Consider options to prevent the movement of ruffe from the Great Lakes to the Mississippi watershed via the Chicago, Des Plaines, and Illinois Rivers.

Background

Historically the divide between the Great Lakes basin and the Mississippi watershed at Chicago was only about 15 feet above the level of Lake Michigan. The Chicago River and the Calumet River, both fed by numerous tributaries, flowed into Lake Michigan. The Des Plaines River flowed south and west to the Illinois River and the Mississippi. However, the portage between watersheds was short, and even flooded at two locations during wet periods, so that navigation by canoe was sometimes possible (Ryder 1995).

The Illinois and Michigan (I&M) Canal was constructed from 1836 to 1848 to provide barge transportation between Chicago and the Illinois River. Water was pumped into this elevated waterway from the South Branch of the Chicago River, reversing its flow for part of the year. Another canal was constructed in 1862 linking the Calumet River system with the Des Plaines River.

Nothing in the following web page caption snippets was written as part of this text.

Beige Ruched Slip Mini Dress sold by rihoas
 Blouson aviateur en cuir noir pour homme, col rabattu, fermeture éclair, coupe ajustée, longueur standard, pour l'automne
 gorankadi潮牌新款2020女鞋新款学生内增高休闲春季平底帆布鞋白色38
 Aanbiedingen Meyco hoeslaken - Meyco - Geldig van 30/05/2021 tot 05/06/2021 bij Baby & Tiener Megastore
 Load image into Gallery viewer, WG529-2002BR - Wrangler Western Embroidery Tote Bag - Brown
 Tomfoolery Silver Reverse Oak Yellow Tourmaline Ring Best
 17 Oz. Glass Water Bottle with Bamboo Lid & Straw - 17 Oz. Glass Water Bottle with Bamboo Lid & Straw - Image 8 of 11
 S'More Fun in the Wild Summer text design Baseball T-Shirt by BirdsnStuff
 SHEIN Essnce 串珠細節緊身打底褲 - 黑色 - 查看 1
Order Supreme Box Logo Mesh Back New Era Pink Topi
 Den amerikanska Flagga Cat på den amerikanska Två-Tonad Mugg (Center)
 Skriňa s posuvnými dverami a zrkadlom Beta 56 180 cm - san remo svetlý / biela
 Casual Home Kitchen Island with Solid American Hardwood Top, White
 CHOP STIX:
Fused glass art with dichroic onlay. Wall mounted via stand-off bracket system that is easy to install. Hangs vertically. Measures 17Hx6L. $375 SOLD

Water pollution and resulting disease caused thousands of deaths in early Chicago. In 1889 the Metropolitan Sanitary District of Greater Chicago was created to reverse the flow of the Chicago River to flush waste waters away from Lake Michigan. The 28-mile Sanitary and Ship Canal was completed in 1900, its flows regulated by locks. In 1910 the 8-mile North Shore Channel was constructed, connecting Lake Michigan with the North Branch of the Chicago River. In 1922, the 16-mile Cal-Sag Canal was constructed to reverse the flow of the Calumet River. Currently there are 5 locations where water from Lake Michigan enters the Chicago waterways, through which nonindigenous species may disperse.

A series of U.S. Supreme Court decisions has limited the amount of water diverted from Lake Michigan. Today the Chicago waterways constitute a highly regulated system of channels, canals, rivers, tunnels, locks, and diversion gates that is heavily used for commercial and recreational navigation. The system is managed by the Metropolitan Water Reclamation District of Greater Chicago and the U.S. Army Corps of Engineers. Leakage from Lake Michigan at the Chicago lock has drawn protest from other Great Lakes states, and construction began in March 1996 to correct the problem.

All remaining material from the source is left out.